▸ AVAILABLE DATA:
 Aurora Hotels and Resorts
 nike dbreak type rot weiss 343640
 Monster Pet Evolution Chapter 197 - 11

...

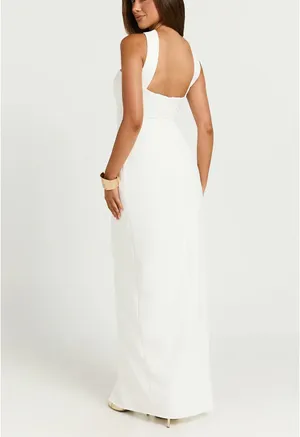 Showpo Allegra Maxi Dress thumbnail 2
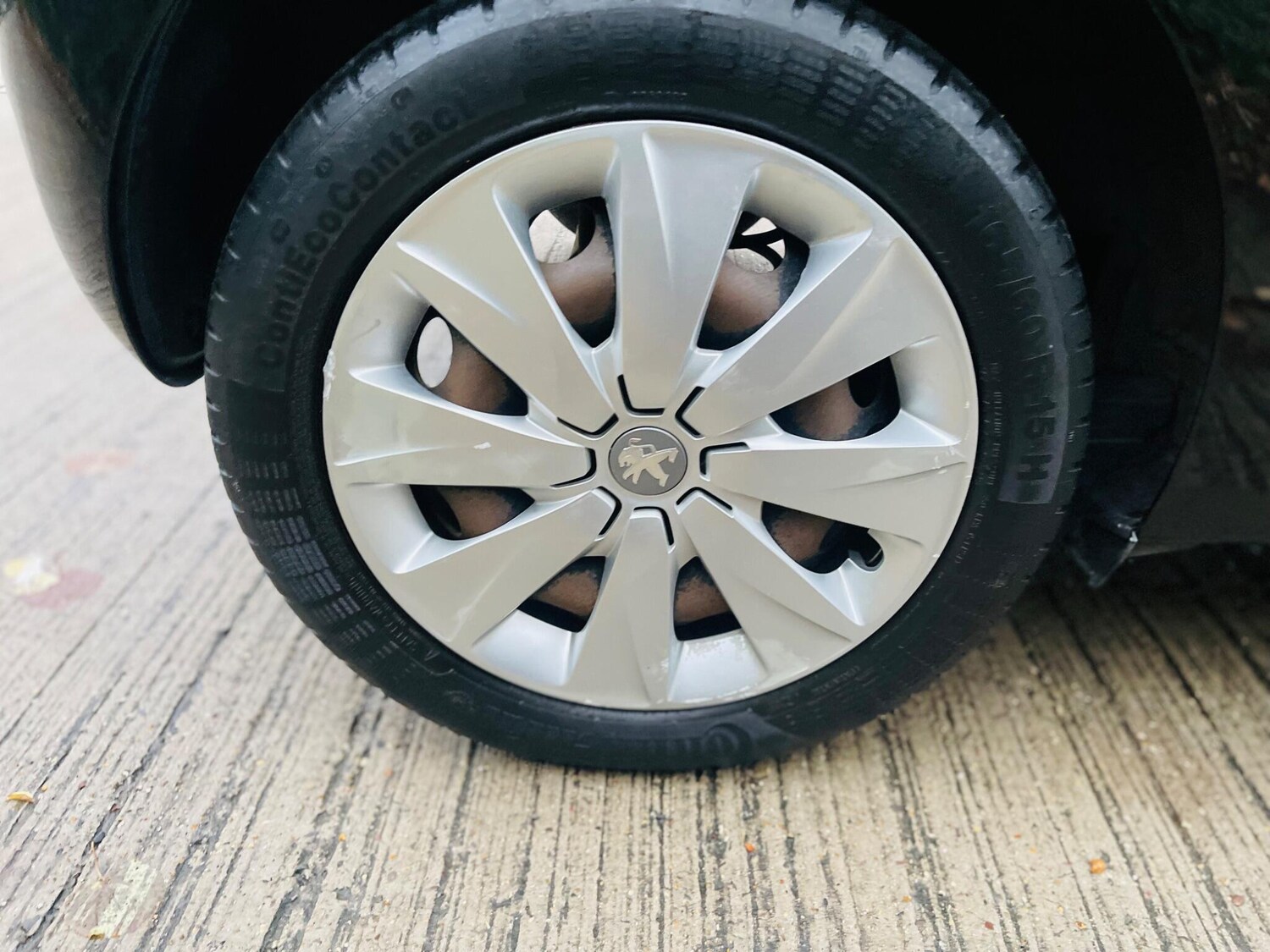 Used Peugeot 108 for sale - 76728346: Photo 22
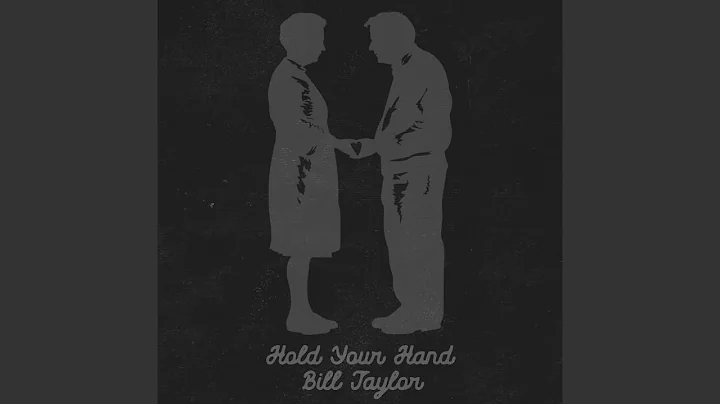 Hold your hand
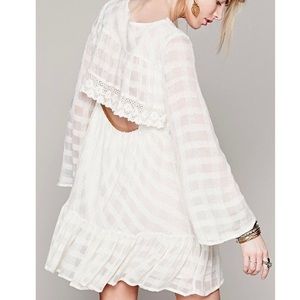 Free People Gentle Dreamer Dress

▸ WHAT THE EXERCISE ASKS: Each line between the one holding "Hold your hand" and the one holding "Free People Gentle Dreamer Dress", inclusive, should be copied exactly as it appears above, and pictures should be omitted.

▸ TASK RESULT:
 Hold your hand
 Free People Gentle Dreamer Dress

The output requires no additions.